What to produce: Repeat exactly, and nothing more, the lines from the one that includes "Oral maxillofacial surgery" through the final line of the entries; skip the pictures.

(Dataset records)
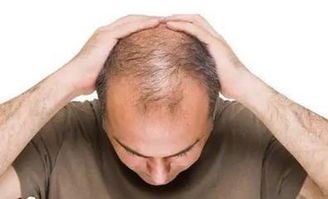 为什么男性更容易脱发 男性脱发该怎么治疗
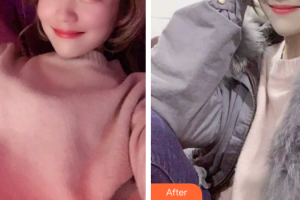 廣州海峽醫(yī)學整形美容醫(yī)院魏巍整形價格表附超聲波潔牙案例展示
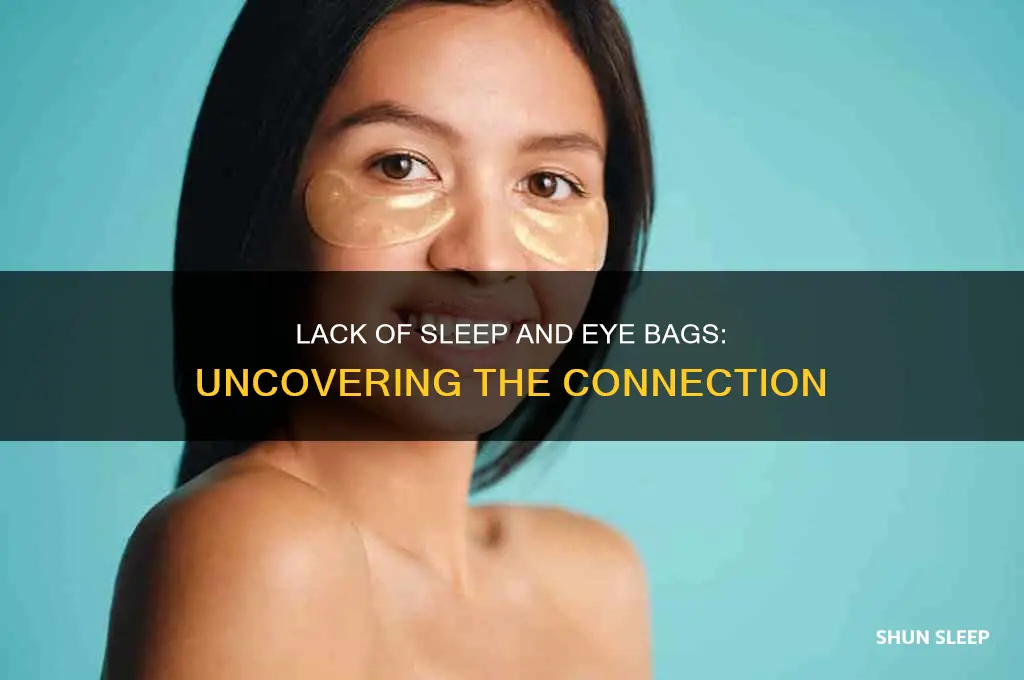 can you get eye bags from not sleeping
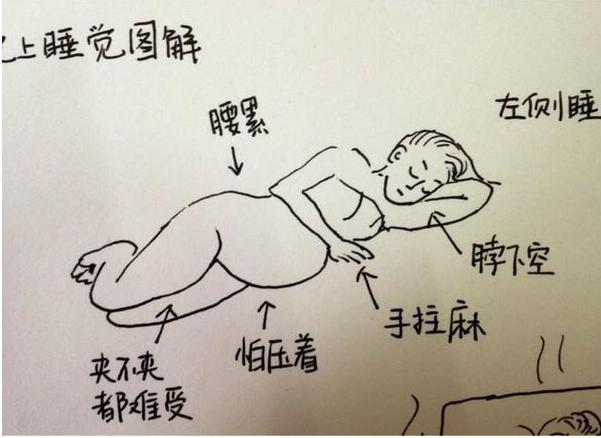 孕期胎儿缺氧哪些表现,孕期胎儿缺氧是什么原因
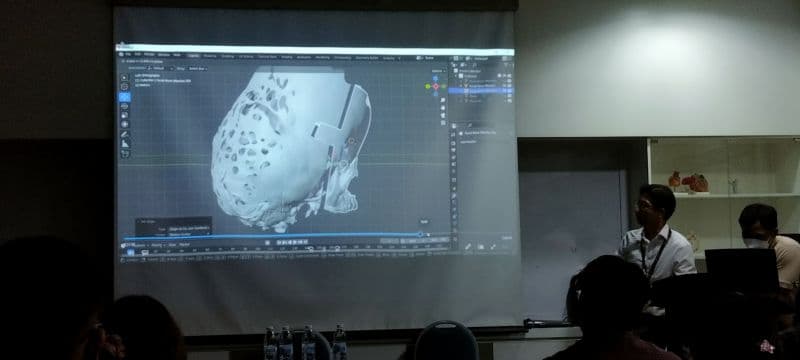Oral maxillofacial surgery planning demonstration using 3D printed craniofacial models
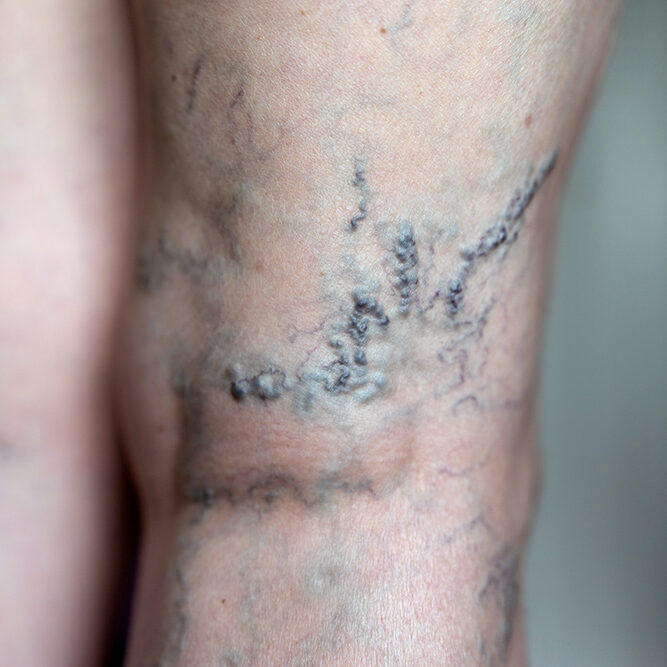 spider veins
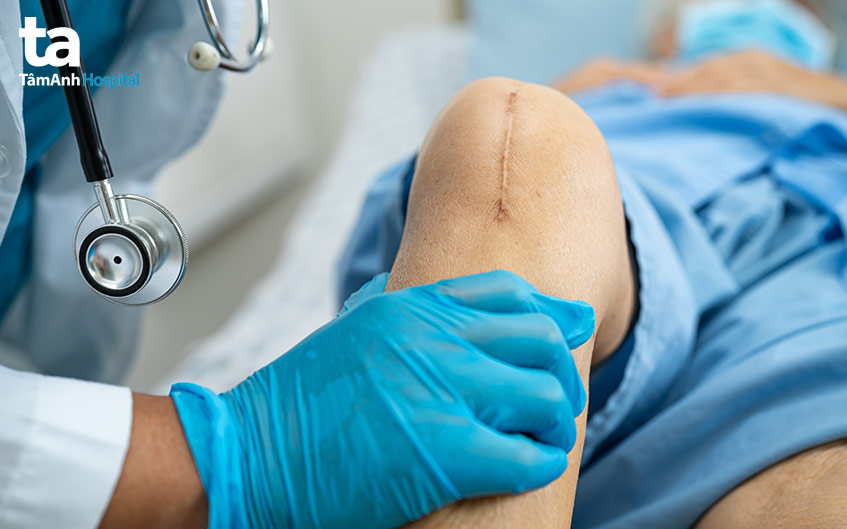 điều trị thông qua phẫu thuật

Output for this exercise:
Oral maxillofacial surgery planning demonstration using 3D printed craniofacial models
 spider veins
 điều trị thông qua phẫu thuật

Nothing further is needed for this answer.